Title:The Role of DNA Repair Pathways in AML Chemosensitivity
Volume: 19
Issue: 10
Author(s): Elizabeth A. Pearsall, Lisa F. Lincz and Kathryn A. Skelding*
Affiliation:
- School of Biomedical Sciences and Pharmacy, Faculty of Health and Medicine, The University of Newcastle, Callaghan, New South Wales,Australia
Keywords:
Acute myeloid leukaemia, base excision repair, chemosensitivity, direct enzymatic repair, DNA repair, homologous
recombination, nucleotide excision repair, non-homologous end joining.
Abstract: Background: Defects in DNA repair pathways are causal factors for a plethora of solid tumours,
but are only just beginning to be explored in haematological malignancies. Genomic instability,
including mutations in DNA sequences, chromosomal aneuploidy, translocations and gene amplifications
contribute to the development and progression of AML. Prior DNA damaging agent exposure
enhances the risk of developing AML, as does inheritance of genetic syndromes that involve alterations
in DNA repair pathways. Furthermore, these same variations are associated with sensitivity
and resistance to a range of chemotherapeutics. Taken together, these studies suggest that defects
within DNA repair pathways are involved in the pathogenesis and prognosis of AML.

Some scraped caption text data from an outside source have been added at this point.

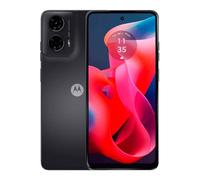 MOTOROLA MOTO G24 4+128GB DS 4G MATTE CHARCOAL OEM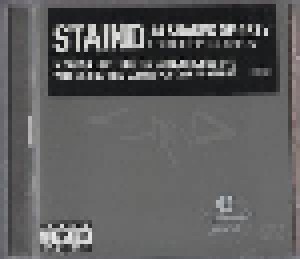 Staind: 14 Shades Of Grey (CD + DVD) - Bild 6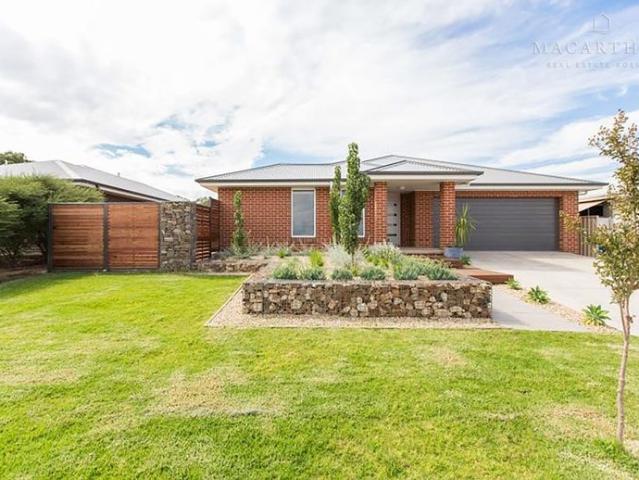 House for rent in Gobbagombalin, New South Wales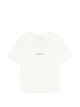 Maison Kitsuné Logo Cotton T-Shirt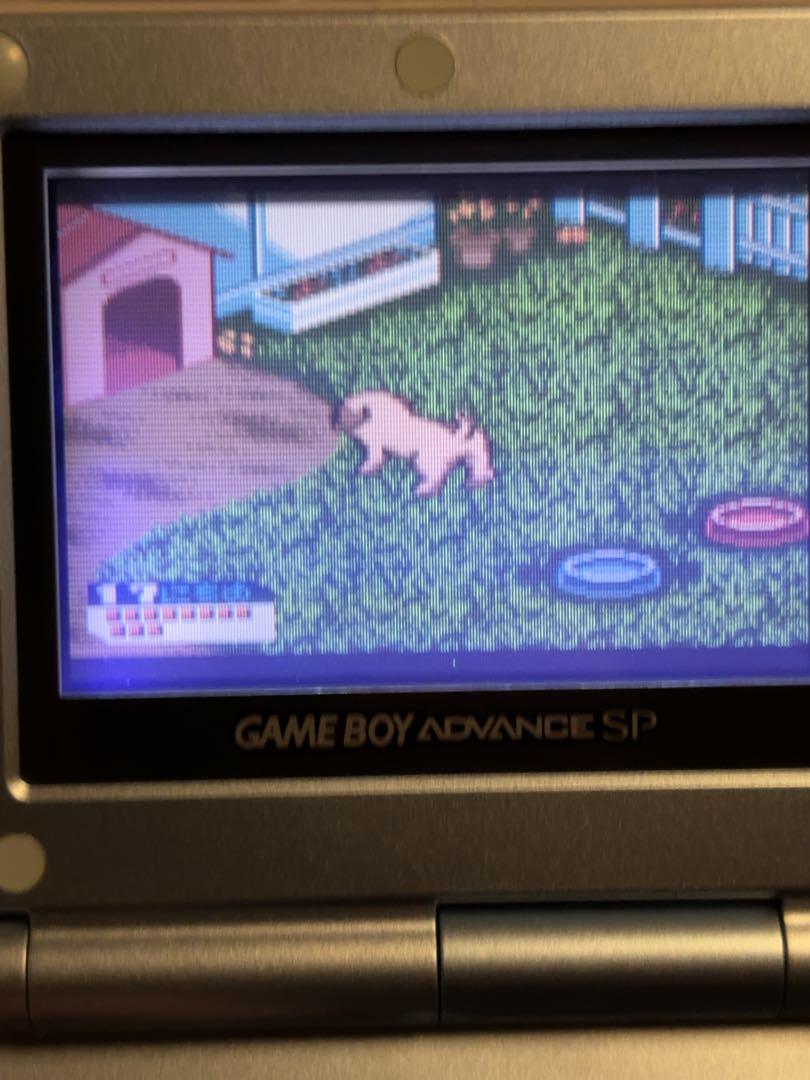 ゲーム機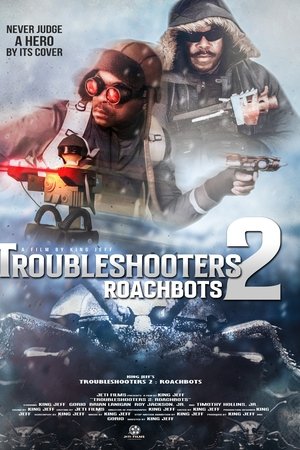 Troubleshooters 2: Roachbots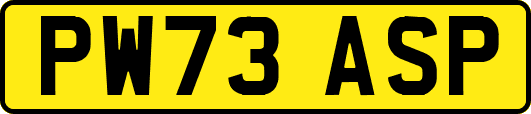 PW73ASP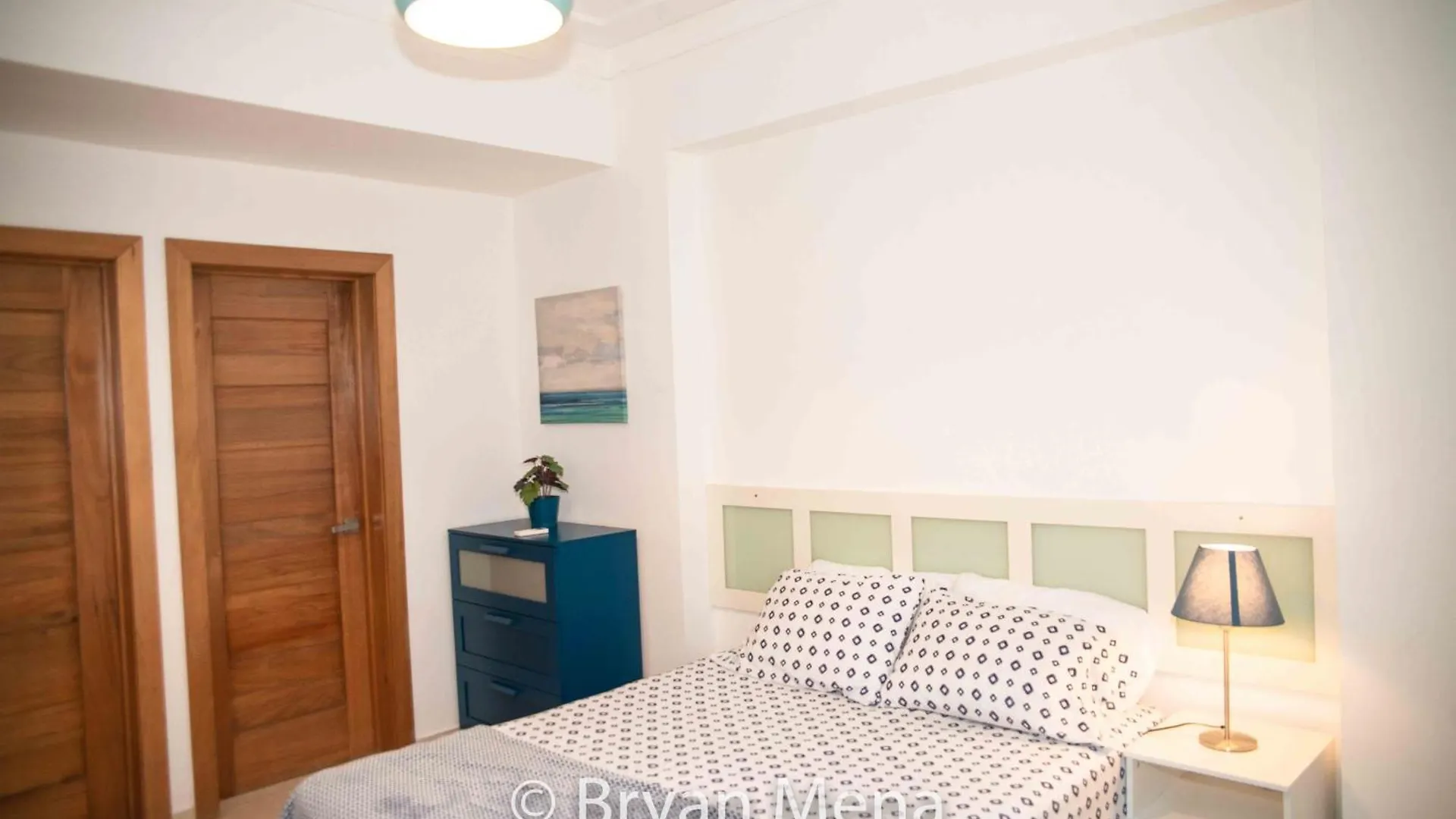 Eclectic Gorgeous, Modern 3 Levels Penthouse Apartment Santo Domingo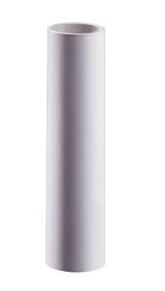 GEWISS - GEWDX25325 TUBO RIGIDO MEDIO RK15 - LUNGHEZZA 3M - PVC - DIAMETRO 25MM - GRIGIO RAL7035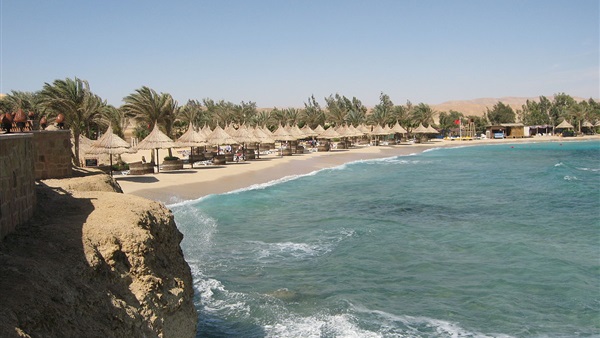 محافظة البحر الاحمر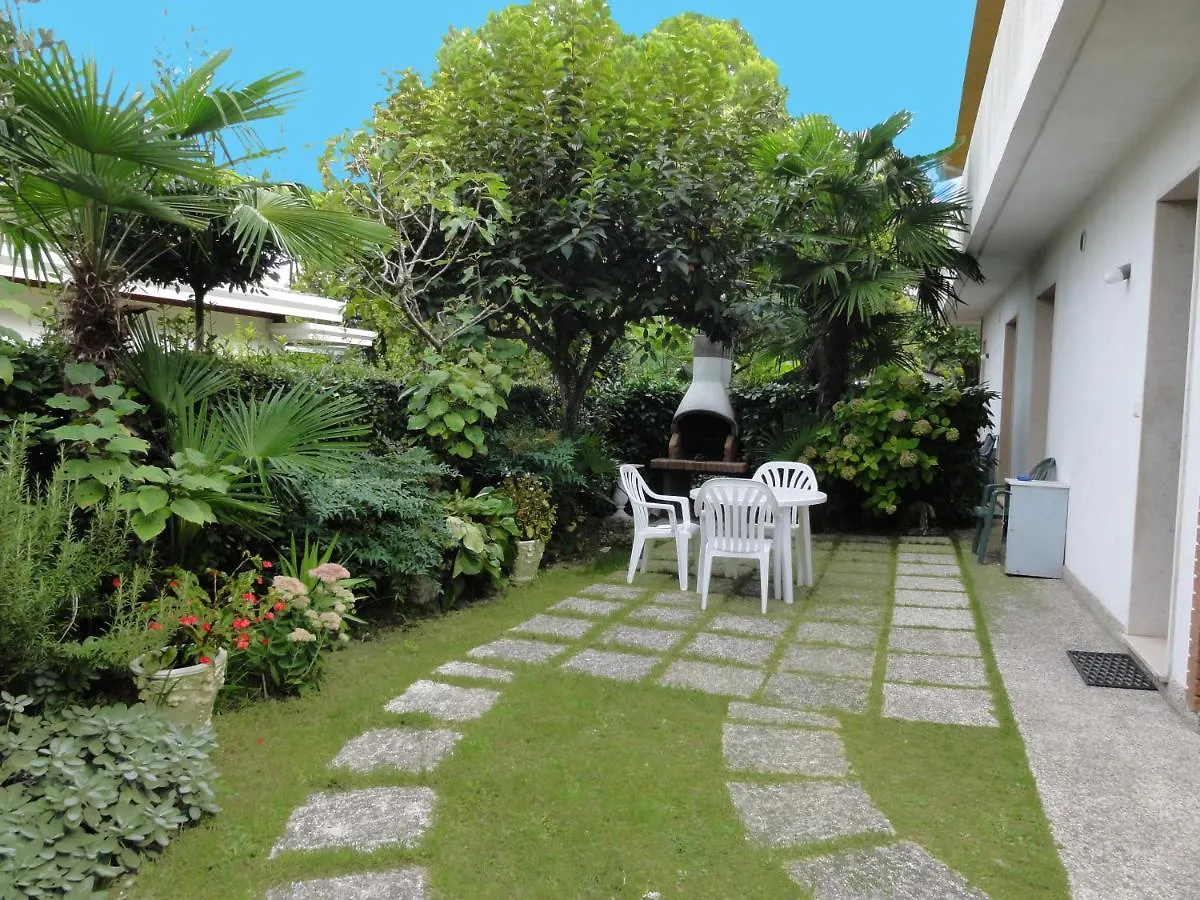 Villa Galasso Bibione 0*,  Italy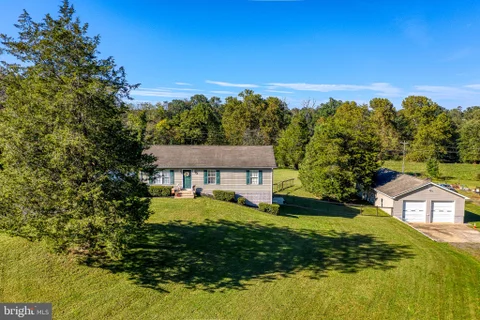 11165 Drogheda Mountain Road, Rixeyville, VA 22737 - #: VACU2015166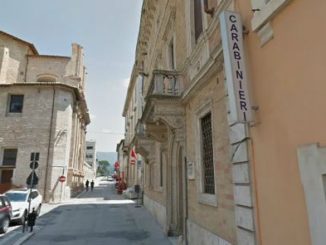 Carabinieri Infedeli, fissata l’udienza preliminare per il 7 febbraio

Objective: This review summarises the major DNA repair pathways, and presents an overview of current
data on DNA damage repair abnormalities in AML as they pertain to the development of resistance
and sensitivity to chemotherapeutics in AML. Additionally, the use of drugs that modulate these
pathways as new treatments for AML will be explored herein.
Conclusion: This review highlights that abnormalities in DNA repair mechanisms in AML cells are
potential novel treatment targets for AML patients with disease that is resistant to current therapies.